Vietnam could thus be described as the first great American imperial war. In Korea in 1950-1953, the US was only the main part of a UN force empowered by a Security Council resolution to expel North Korean Communists from South Korean territory; by the time the Vietnam conflict reached the hallowed halls of the UN, the Soviet Union did not fall into the trap again and made sure that there was no resolution against its allies — so the US intervened, not as an international champion, but as an interested party in the conflict, allied with the South Vietnamese government.
That the Vietnam adventure was a whim from the start, an unneeded quagmire, a self-inflicted wound, has become a sort of consensus or near-consensus view, as illustrated in recent, hugely popular documentaries about the war like Ken Burns’. In 2006, Mark Moyar pushed back against this view hard, and fairly successfully, with his book “Triumph Forsaken, The Vietnam War 1954-1965.”

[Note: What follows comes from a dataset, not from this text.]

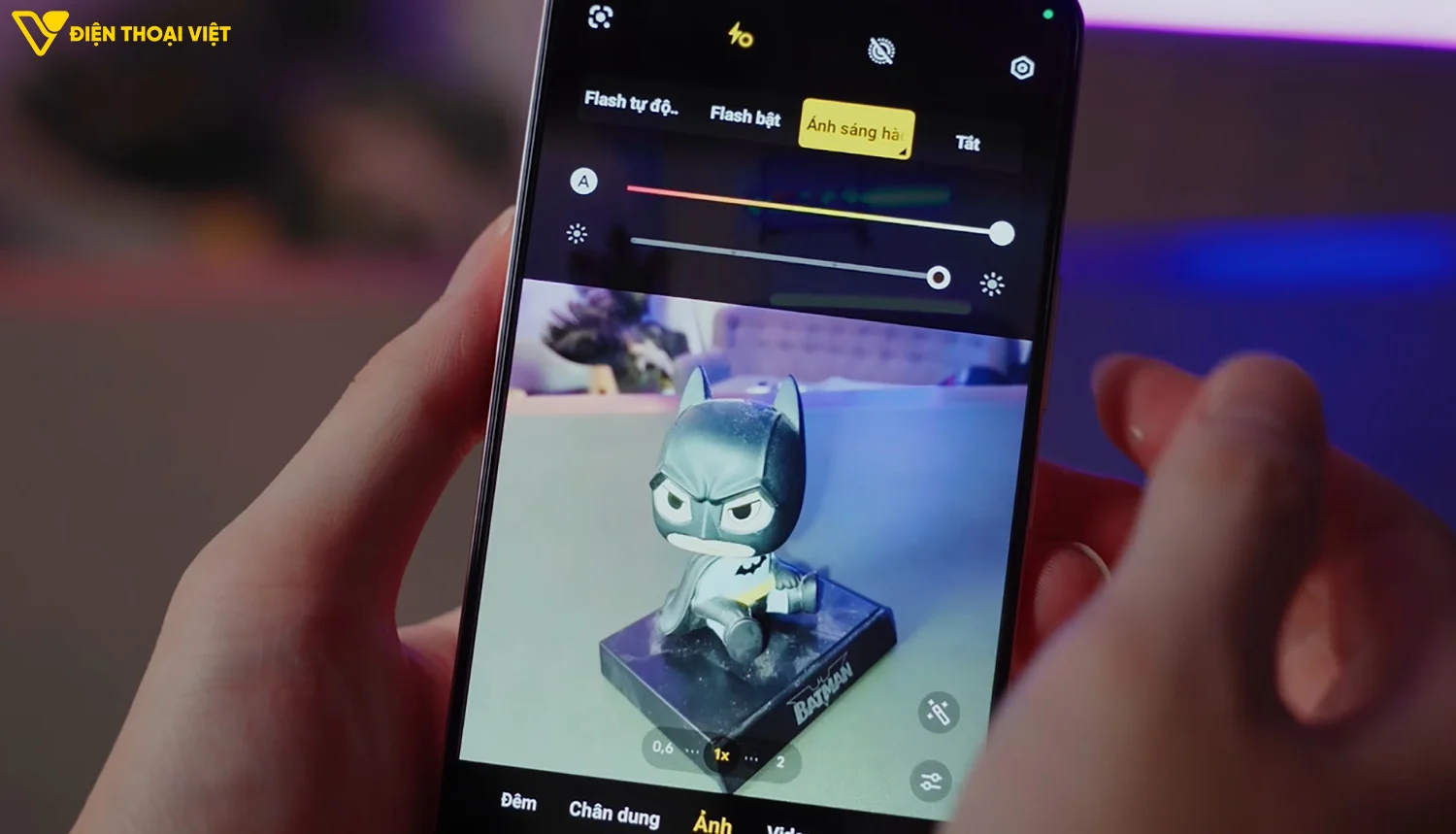 Aura light là một bổ trợ cực kỳ đáng giá, cho phép tùy chỉnh ánh sáng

An excellent overview of the choices available for American policymakers, and the decisions made at the time, Moyar’s book argues that an American intervention in Vietnam was essentially unavoidable given Cold War conditions, since the US couldn’t let an ally be overwhelmed by Communist insurgents without at least making a visible effort to defend it.
Moyar has a great eye for telling details and scenes. He describes how the Viet Cong guerrillas banned all talk of collectivization to not alienate local peasants, their biggest source of support in the South, and how the John F. Kennedy administration lost control of Laos — a landlocked neighbor of both Vietnams that could have served as a barrier to Communist infiltration southwards — even before it took office, because Dwight D. Eisenhower preferred not to act there during his “lame duck” period in his last few weeks in office. Gentlemanly restraint is no recipe for imperial success.
Despite the later penchant of JFK’s fans to tell the world that he would have never countenanced military escalation in Vietnam, Kennedy called South Vietnam "the finger in the dike" in 1956 (p. 120). Support for the South during his administration was so significant and blatant that Moyar describes (p. 146) a moment in 1961 when — just as JFK is telling everybody in DC that he’s keeping the South at arm’s length — a huge American aircraft carrier docked in Saigon to unload military material, in full view of a party of journalists and officials then having drinks.
"Is that a carrier?" one of the journalists asked.
"No comment," was the reply from an embassy official.
Moyar notes (p. 184) that, after Averell Harriman (then undersecretary of State for the Far East) secured a “neutralization” deal that surrendered Laos to Communist control in 1962, the Ho Chi Minh trail sneaking through Laos and Cambodia to supply Communists in the South received a new nickname from US critics: "the Averell Harriman Memorial Highway."
Throughout the book, Moyar is most incensed by two facts he amply documents: one, that American journalists in Saigon were, on the whole, opposed to US involvement in the war and reliant on sources who often were Communist agents; and two, that the JFK administration committed the biggest blunder of the war when it blessed a CIA-inspired military coup against Southern strongman Ngo Dinh Diem that ended with Diem’s death in 1963, causing endless chaos in the Southern administration and army.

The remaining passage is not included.